The pipeline ends at what is commonly referred to as the spaghetti bowl: the tangle of pipelines snaking and bending through Kinder Morgan’s terminals at the Ship Channel. Here, the 300,000-barrel-per-day KMCC line ends, in the Texas cities of Galena Park and Pasadena. Combined, the terminals have more than 26 million barrels of storage capacity.

Whether the workers realize it or not, the KMCC pipeline is part of the metamorphosis under way in the oil and gas industry. Surging U.S. shale crude production has so overpowered existing infrastructure that it is now transforming it—from the products lines carry, to the direction they flow.

The need for infrastructure is born of two factors. Successful shale plays have been oil scavenger hunts, with finds in sometimes remote and unexpected areas. First to be discovered were natural gas shale plays; then technology was applied to develop liquids plays and revive conventional oil-producing areas. Often, infrastructure in these plays was simply nonexistent or inadequate.

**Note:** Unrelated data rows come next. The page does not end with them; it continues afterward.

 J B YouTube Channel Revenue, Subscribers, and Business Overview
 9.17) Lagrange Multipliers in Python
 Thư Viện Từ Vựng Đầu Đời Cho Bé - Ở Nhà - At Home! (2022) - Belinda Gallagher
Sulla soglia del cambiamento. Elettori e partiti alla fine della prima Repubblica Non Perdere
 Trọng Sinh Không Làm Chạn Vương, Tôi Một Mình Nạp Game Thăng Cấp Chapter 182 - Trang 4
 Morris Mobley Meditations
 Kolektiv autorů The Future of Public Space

Second, the nation’s existing midstream infrastructure doesn’t match today’s markets. For 40 years, U.S. energy policy assumed domestic production would grow scarcer and imports more critical, said Frank A. Verrastro, senior vice president and James R. Schlesinger Chair for Energy & Geopolitics at the Center for Strategic & International Studies, speaking at IHS CERAWeek 2013 in Houston. Instead, just the opposite has happened.

Ironically, as midstream infrastructure builds out in these production areas, moving crude by rail has become a popular option. Although it is more expensive, rail doesn’t require the longterm capacity commitment that producers must make for pipeline capacity, commitments that could backfire, notes Sandy Fielden, director of energy analytics at RBN Energy, Houston. And it offers flexible destination options.

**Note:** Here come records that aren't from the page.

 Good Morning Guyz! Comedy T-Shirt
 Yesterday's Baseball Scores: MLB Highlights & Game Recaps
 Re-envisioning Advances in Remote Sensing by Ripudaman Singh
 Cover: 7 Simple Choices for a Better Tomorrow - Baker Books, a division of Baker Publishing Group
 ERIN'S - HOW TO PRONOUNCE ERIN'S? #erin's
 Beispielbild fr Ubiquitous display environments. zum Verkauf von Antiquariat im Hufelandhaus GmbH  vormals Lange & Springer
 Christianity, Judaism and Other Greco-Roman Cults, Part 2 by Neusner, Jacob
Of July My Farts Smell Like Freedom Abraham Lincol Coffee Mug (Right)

For the past several years, as shale development moved into high gear, oil was shipped from the oil fields in the Permian Basin, Eagle Ford or Bakken shale plays via rail, barge or columns of trucks. But midstream companies like Kinder Morgan Inc., NuStar Energy LP, Magellan Midstream Partners LP and others are increasingly moving to reconfigure, reactivate or redirect existing pipelines to meet changing market dynamics. Often, they are clearing the way for crude oil moves by retooling pipes used in the past for petroleum products or natural gas that are below capacity—or simply redundant. That repurposing of existing systems comes along with reversals, switching the direction of pipelines’ flow.

In the Northeast, for instance, the huge Marcellus shale play is removing the need for natural gas shipments into the region from the Rockies, Canada and the Gulf Coast. As a result, many gas pipeline company revenue models “are being seriously impacted by reduced flows of natural gas,” says Fielden.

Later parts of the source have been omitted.